11 Things to Know About Fentanyl
With the opioid crisis becoming more serious every year in the U.S. it is crucial to be aware of drugs like fentanyl which are causing majors issues with addiction and overdose. Fentanyl is a highly potent and very addictive opioid that is often taken by itself or combined with cocaine. It is actually the most powerful opioid in medicine and can quickly lead to overdose for people that have not developed a tolerance.
Here are 11 important things to know about fentanyl and its effects-
1.There are Different Versions on the Street
The fentanyl that is provided by a hospital or a prescription is often different than the type that can be bought on the street. Most of the fentanyl that is found on the streets is actually sourced from China and Mexico. Many people who buy the drug have no idea it is fentanyl and believe it to be some other type of narcotic.
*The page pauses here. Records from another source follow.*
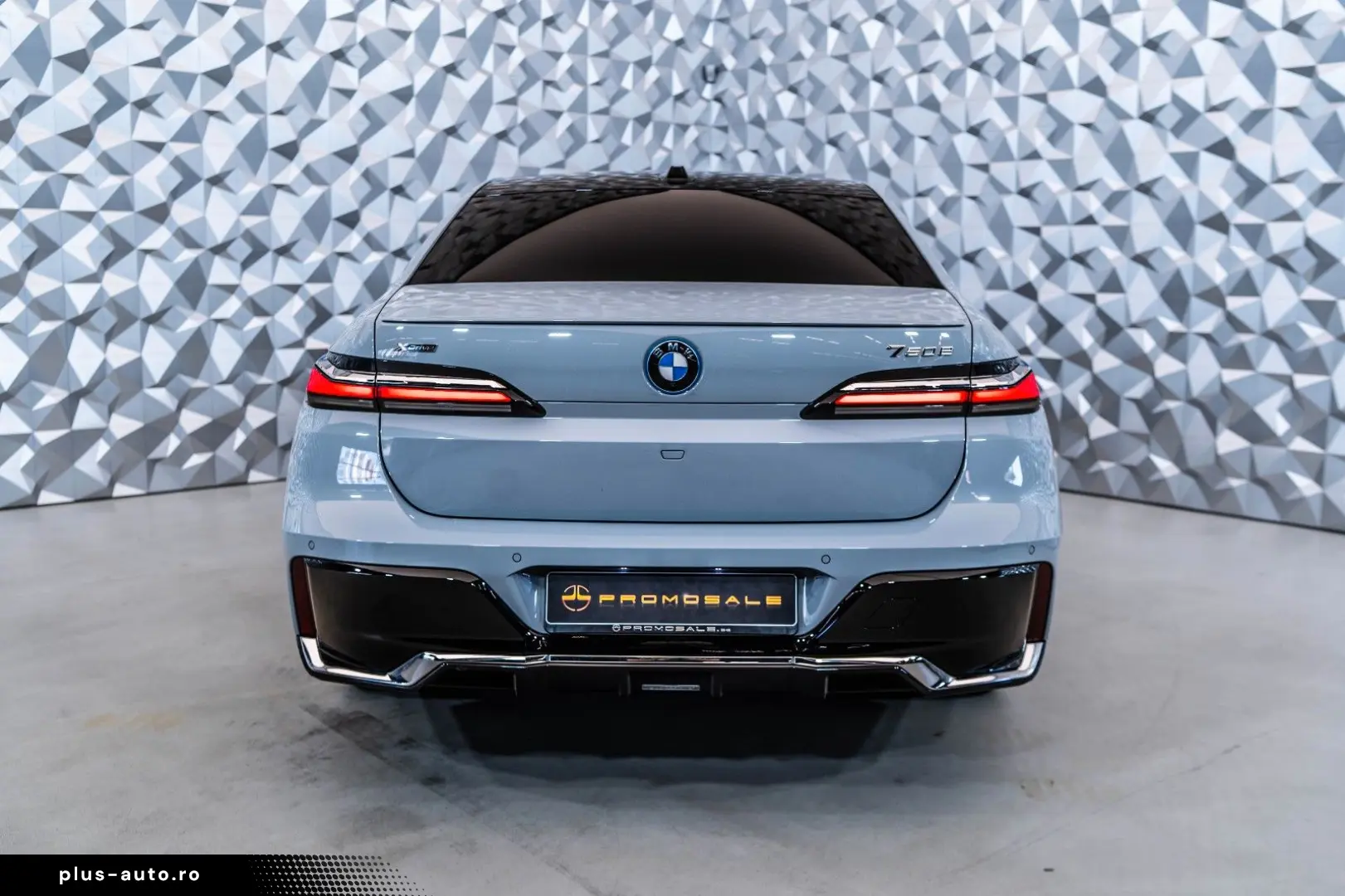 BMW 750  e xDrive Hybrid  Pano  Bowers&Wilkins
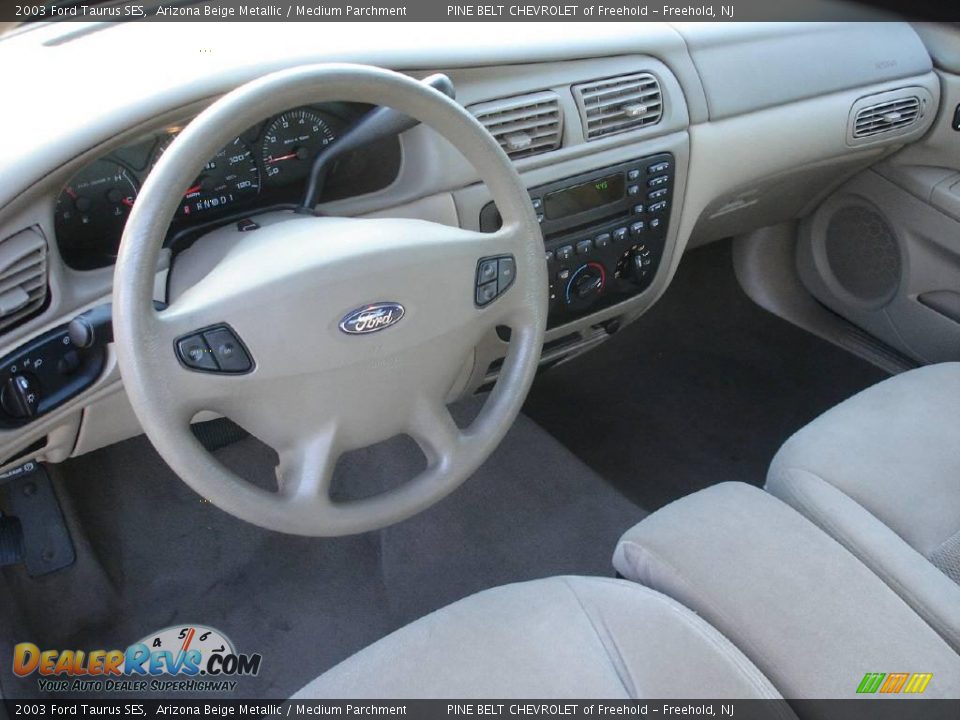2003 Ford Taurus SES Arizona Beige Metallic / Medium Parchment Photo #9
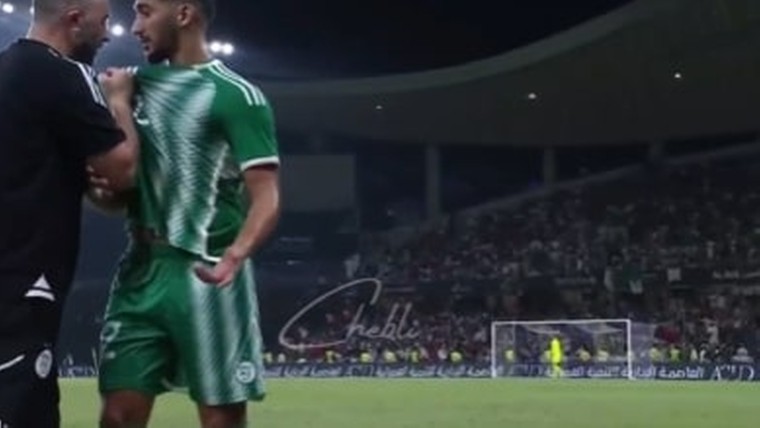 Algerije-speler krijgt het na wissel aan de stok met bondscoach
2. It has a Long List of Side Effects
Even when fentanyl is legally prescribed for pain management, it can lead to a lot of physical reactions and side effects that can be problematic for users. It is so powerful that it can lead to feelings of weakness, slowed respiration, decreased heart rate, confusion, difficulty concentrating and even unconsciousness. People who are following a doctor’s recommendations and taking a certain dose of fentanyl can experience these kinds of side effects but they can be much worse for someone who is taking them on the street.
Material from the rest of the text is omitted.